Ainsi, on peut dire que Quatre cents hivers a tout d’une fresque historique et contemporaine, puisqu’elle nous fait remonter le temps, «sur les bords de la rivière aux mille détours», à la découverte de divers personnages, de diverses générations. Dites-nous: est-ce votre récit le plus ambitieux à ce jour?
«Ce livre est celui qui couvre la période la plus longue parmi ceux que j’ai écrits. Il met en action de nombreux personnages dont on suit le parcours pour ensuite passer aux suivants. Cette forme narrative ambitieuse exige une écriture efficace pour plonger rapidement dans un univers et épouser la destinée de personnages qui n’existeront que brièvement.»
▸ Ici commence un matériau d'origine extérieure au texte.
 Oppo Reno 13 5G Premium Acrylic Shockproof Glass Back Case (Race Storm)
«Cette approche exige une maîtrise du récit pour le rendre fluide et captivant. Les lecteurs me diront maintenant si j’y suis parvenu.»
On se doute bien qu’un romancier comme vous, à la verve inspirée, a toujours un pas d’avance sur une nouvelle histoire en devenir. Avez-vous déjà une petite idée, même embryonnaire, de ce à quoi pourrait ressembler votre prochain livre? On est curieux, on l’avoue. À une prochaine!
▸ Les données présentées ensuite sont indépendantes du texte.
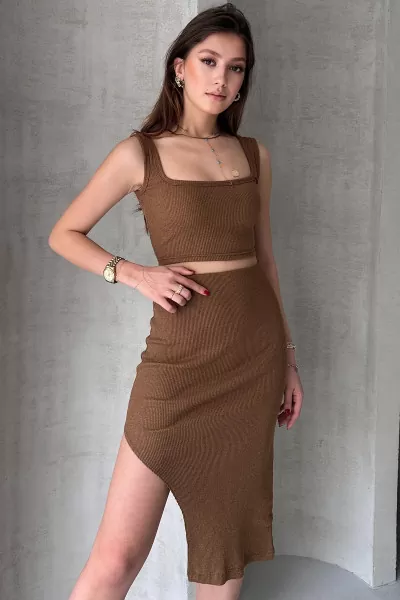 Camel Kaşkorse Crop Etek Takım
«Ma table de travail ne reste jamais sans projets. Entre le moment où un roman est terminé et sa publication, je me consacre à l’écriture d’un ouvrage en patrimoine à l’intention du grand public. Cet intermède crée une distance entre le roman à paraître et celui en gestation.»
«Cette fois-ci, j’ai écrit une publication sur l’histoire de l’Hôtel-Dieu du Sacré-Cœur de Jésus de Québec à l’occasion de son 175e anniversaire. Maintenant, je suis prêt à laisser émerger de nouveaux personnages qui guideront mon écriture en me racontant leur histoire. Pour l’instant, leurs contours sont encore flous et je ne force pas le trait.»
«Je pourrai en dire davantage à leur sujet lorsque je les aurai fréquentés plus longtemps.»